Par ailleurs, le télépilote ne peut pas travailler toute la journée et peut être exposé à des risques dans certaines zones dangereuses. Le drone est placé dans la station d'accueil automatisée (JooL Box) sur un site donné et décolle sur demande, à distance. Une fois la mission terminée, il retourne dans sa boîte où il se recharge sur secteur ou grâce à l'énergie solaire. La JooL Box est inviolable, protégée de la faune et des intempéries et permet de récolter de la data sur l'environnement dans lequel elle se trouve, grâce à différents capteurs. Elle se fond dans le décor et se bloque automatiquement si nécessaire.

De quelle façon souhaitez-vous faire évoluer la JooL Box ?

La JooL Box coûte entre 15.000 et 20.000 euros ce qui est relativement cher, donc nous souhaitons produire à plus grande échelle pour faire baisser les coûts. Nous souhaitons aussi la miniaturiser pour la rendre mobile et accessible à un plus grand nombre d'utilisateurs.
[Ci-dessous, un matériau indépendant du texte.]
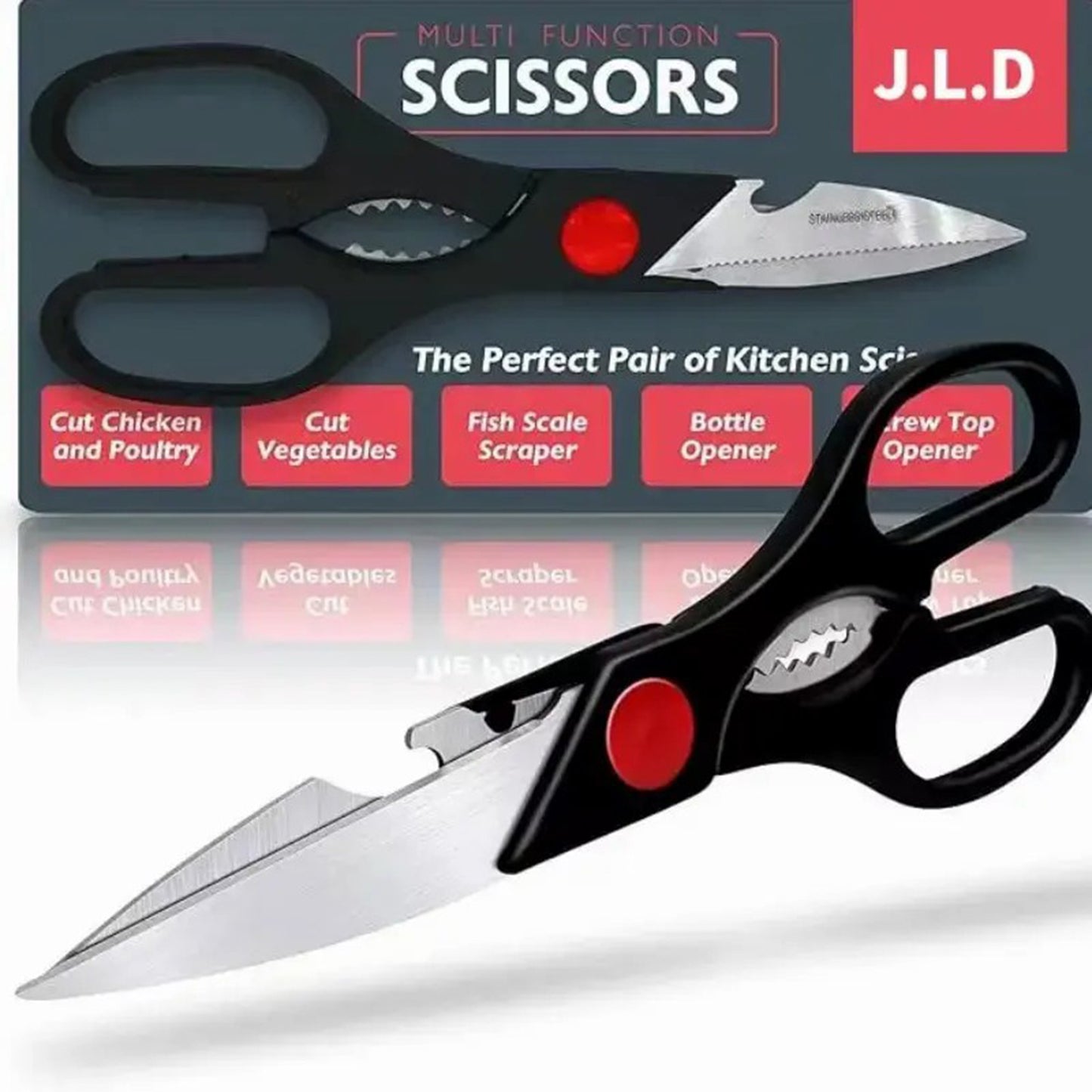 Food Scissors, Sharp Scissors With Walnut Tongs, Bottle Opener, Can Opener, Vegetable Cutting Scissors, Chopping Scissors, USPS Shipping, Supports Self Pickup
Nous sommes en pleine recherche et développement pour identifier la meilleure option.

Qui sont vos principaux clients à ce jour ?

Nous travaillons avec des clients très divers : des institutions, des États et des acteurs privés. Nos solutions de sécurisation à distance concernent aujourd'hui des sites comme les forêts, les exploitations agricoles, les chantiers de construction ou les sites miniers. Nous travaillons notamment avec les ministères des Eaux et forêts et de la Défense, pour ce qui relève de la surveillance territoriale, du contrôle des forêts, de la lutte contre la déforestation et contre le braconnage. Nous touchons également les coopératives agricoles. En deux ans, nous avons déjà plus d'une cinquantaine de clients en Côte d'Ivoire.

Cette JooL Box adaptée aux drones intéresse-t-elle déjà d'autres pays africains ?

Nous sommes en discussion avec plusieurs pays. Dernièrement, lors du salon Vivatech à Paris, nous avons rencontré plusieurs interlocuteurs de la sous-région qui se sont montrés intéressés, du Togo, au Cameroun en passant par le Bénin. Nous avons d'ailleurs signé deux nouveaux mémorandums d'entente, l'un avec le Sénégal et l'autre avec la Côte d'Ivoire. Pour assurer la maintenance de nos drones à l'extérieur de la Côte d'Ivoire, nous prévoyons de développer d'autres académies de formation au niveau régional. Nous souhaitons à terme nous développer sur tout le continent africain. Par ailleurs, nous avons récemment rencontré des interlocuteurs originaires d'autres continents, qui semblent intéressés par nos solutions.

Parallèlement à JooL International, vous êtes en pleine diversification de vos activités...

Je mène plusieurs activités en parallèle. Je suis agriculteur et je possède un cheptel de moutons et de bœufs du côté de Bouaké. Je m'intéresse à des solutions de smart cities et je suis impliqué dans une nouvelle entreprise, que j'ai co-fondée avec des amis pour vulgariser les impressions 3D en Côte d'Ivoire. Nous développons un volet formation pour renforcer les compétences locales en informatique et en robotique. A titre personnel, j'ai formé bénévolement plus de 600 jeunes filles depuis 2019, dans le cadre de différents programmes numériques en Côte d'Ivoire (...) Nous allons bientôt nous lancer dans le recyclage de déchets plastiques pour les transformer en matières premières de fabrication numérique. Nous voulons, dans un premier temps, fabriquer des coques de voitures.